§ **Data section**:
+-------+

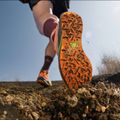 ASICS FUJISPEED 2 férfi futócipő élénk narancssárga/antik piros 19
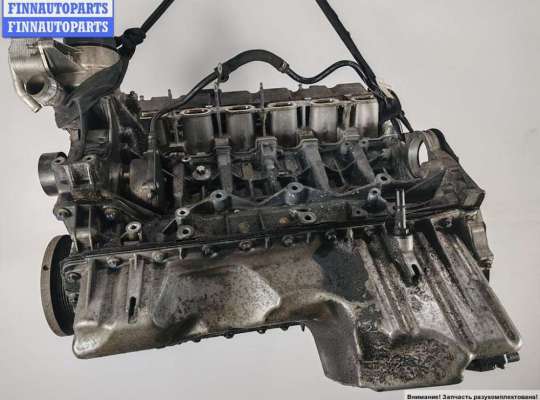 ДВС (Двигатель) на BMW 5 (E60/E61)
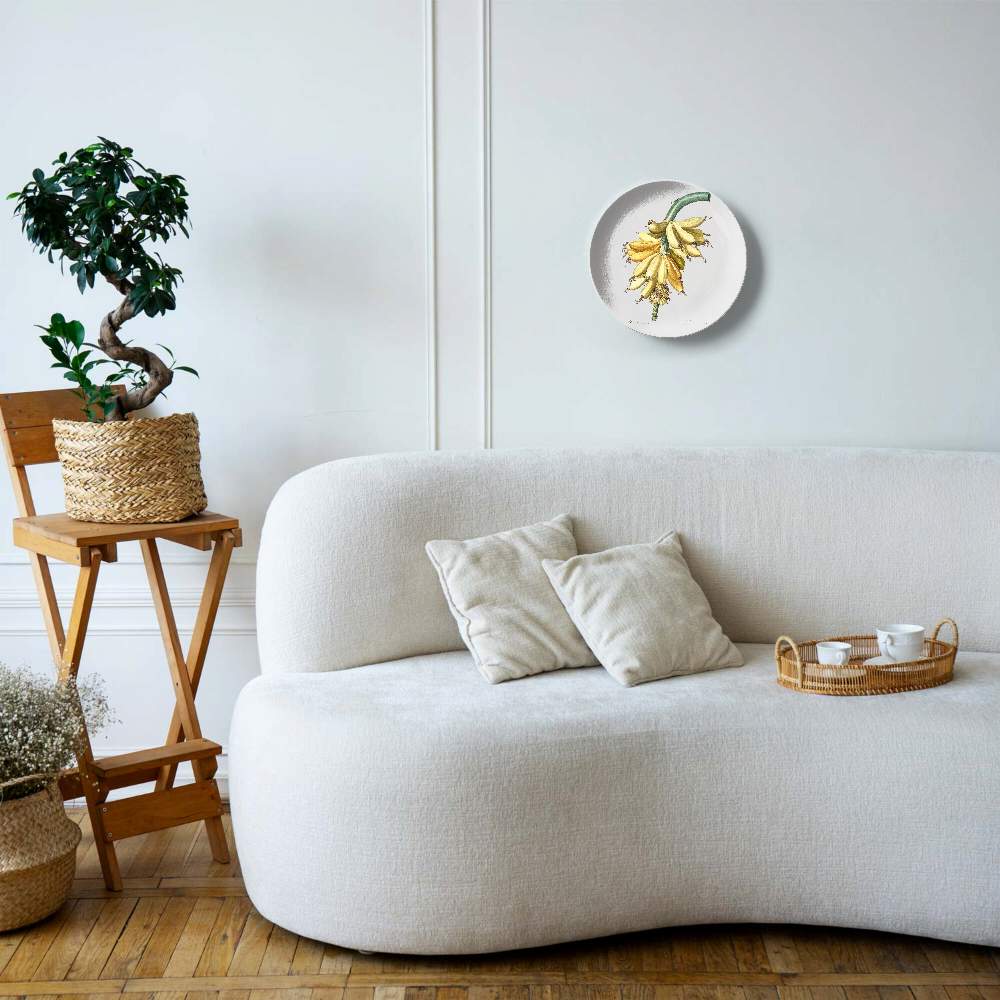 Ветка с бананами — Пьер Жозеф Редуте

+-------+

§ **Problem to work on**:
Every line from the one with "ДВС (Двигатель) на BMW 5 (E60/E61)" through the end of the material above should be restated word for word, with the pictures left out.

§ **Written answer**:
 ДВС (Двигатель) на BMW 5 (E60/E61)
 Ветка с бананами — Пьер Жозеф Редуте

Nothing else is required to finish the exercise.